L’œuvre de Baldessari Rollcoaster – 1989-1990, projetée en fond de scène est animée par de francs aplats lumineux (signés Urs Schönenbaum), très contrastés, tandis que les costumes s’inspirent de son univers. D’abord par la disparition des visages, remplacés par des points colorés, comme dans ses photos où ils sont remplacés par des pastilles. D’autre part par des linéaments colorés dessinant des figures géométriques courbes sur les costumes noirs très élégants de Mary Katrantzou. L’ensemble est un vrai travail plastique qui rehausse avec nuance la chorégraphie.
Celle-ci, est, pourrait-on dire, très analytique. Le vocabulaire est classique, son utilisation ne l’est pas. Tout en ruptures, les rapports entre individualités et collectif se chevauchent intelligemment. Construite manifestement de manière rigoureuse, avec des schémas plutôt géométriques, la structure fait d’abord ressortir une liberté des corps, un jaillissement de l’instant. Bien sûr, le rapport au magnifique Concerto en ré mineur pour deux pianos et orchestre de Francis Poulenc n’y est pas pour peu.Justin Peck suivant de très près les arcanes de la composition musicale.

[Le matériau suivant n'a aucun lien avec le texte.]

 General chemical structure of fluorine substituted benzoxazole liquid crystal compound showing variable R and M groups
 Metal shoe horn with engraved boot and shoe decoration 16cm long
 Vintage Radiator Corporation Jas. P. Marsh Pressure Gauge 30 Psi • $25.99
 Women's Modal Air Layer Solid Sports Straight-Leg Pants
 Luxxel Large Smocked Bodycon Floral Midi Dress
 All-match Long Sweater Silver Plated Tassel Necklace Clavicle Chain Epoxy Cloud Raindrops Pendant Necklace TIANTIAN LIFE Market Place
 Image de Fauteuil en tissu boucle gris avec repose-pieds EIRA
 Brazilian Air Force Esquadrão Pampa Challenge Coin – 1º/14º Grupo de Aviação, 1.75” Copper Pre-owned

Ainsi, un duo se dissocie presque instantanément de l’ensemble du début, comme les deux pianos entrent d’emblée dans le concerto. Ce sont des ces lignes flexibles qui se croisent et s’enchevêtrent, avant de se démêler pour poursuivre leur route que s’inspire clairement la chorégraphie. Mais elle est à la hauteur de ses ambitions. Si la partition de Poulenc évoque le Gamelan balinais entendu à l’Exposition Coloniale de 1931 grâce à la virtuosité des deux pianos (époustouflants Franck Braley et Emmanuel Strosser), la chorégraphie de Peck sait infuser quelques accents asiatiques discrets à sa gestuelle. Mais on y entend aussi des airs qui suggèrent la fête foraine (comme dans le tableau de Baldessari) et une certaine impertinence acidulée très années 30. Et là aussi, Justin Peck sait le traduire avec finesse.

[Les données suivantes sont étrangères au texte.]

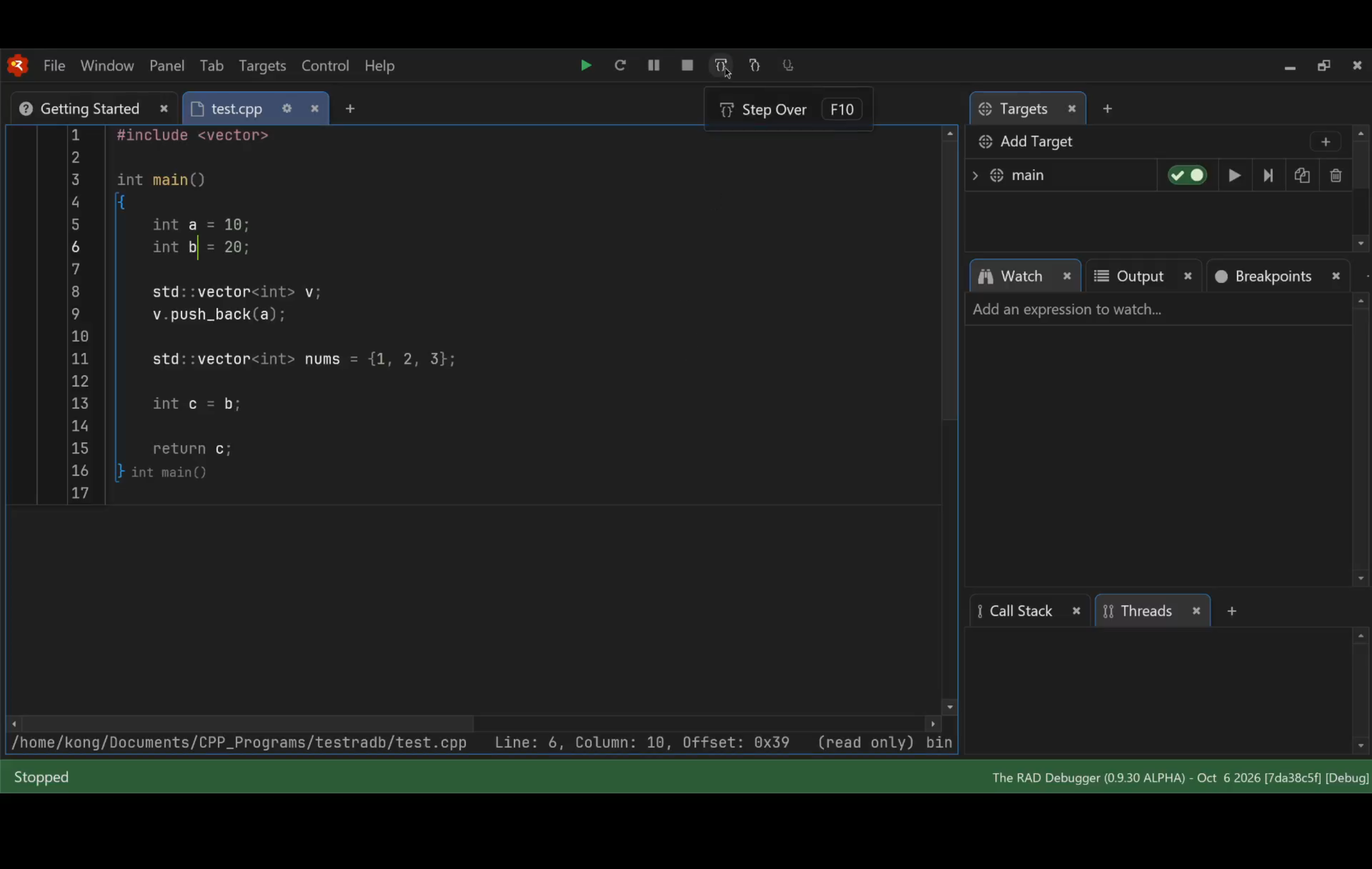 RAD Debugger Linux 下调试界面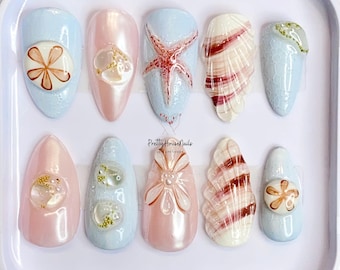 Seashell 3D With Flower Almond Press On Nails, Floral Handmade Gel Fake Nails for Birthday, Event Party Holiday, Summer Nails, Blue Nail Set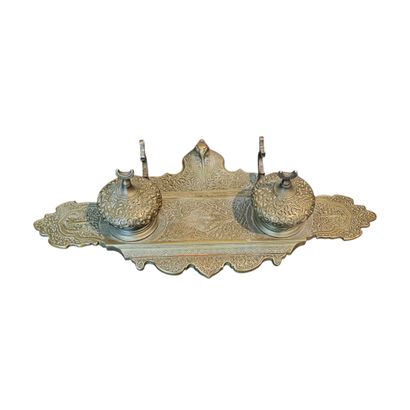 Oriental Art 
Bronze inkwell with two domed...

La gaîté de la musique, même si elle s’obscurcit parfois d’un nuage, fait le reste et on se laisse porter avec intérêt par cet Entre chien et loup qui n’a pas grand chose de crépusculaire.
On n’en dira pas autant du maître de Justin Peck (et de Benjamin Millepied) à savoir le Brahms-Schönberg quartet de Balanchine. On serait même tenté de dire le contraire, à savoir que faire recréer les costumes par un grand couturier, en l’occurrence Karl Lagerfeld, ne suffit pas à sauver une œuvre médiocre. Composé sur les quatre mouvements du Quatuor pour piano n°1 en sol mineur de Brahms orchestré par Arnold Schönberg, le ballet en quatre parties ne convainc pas.

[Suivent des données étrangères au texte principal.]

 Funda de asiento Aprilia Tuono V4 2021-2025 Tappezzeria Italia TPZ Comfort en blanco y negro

Photos : Francette Levieux / OnP
Il a un côté passéiste – même pour Balanchine – qui décidemment ne passe plus en 2016. La musique a quelque chose de boursouflé (l’orchestration ?), tout comme les tutus jolis mais un peu old style de Lagerfeld. Et surtout, autant les danseurs d’Entre chien et loup ont fait la démonstration de la qualité de la troupe de l’Opéra de Paris, autant ceux qui dansaient Balanchine semblaient avoir manqué de répétitions. On a vu un festival de « loupés » et d’ « à peu près » qui finissaient par faire passer le ballet pour un pastiche. Le dernier mouvement, vaguement tzigane, est d’un ridicule chorégraphique consommé et on se demande bien qui a pu indiquer aux danseuses de lever les yeux au ciel comme les filles du Lido à chaque grand battement. Bref, il y a des ballets de Balanchine qui feraient mieux de rester dans l’oubli que d’être remontés. L’Opéra de Paris en possède suffisamment d’excellents sur les trente inscrits au répertoire pour ne pas faire les fonds de tiroir.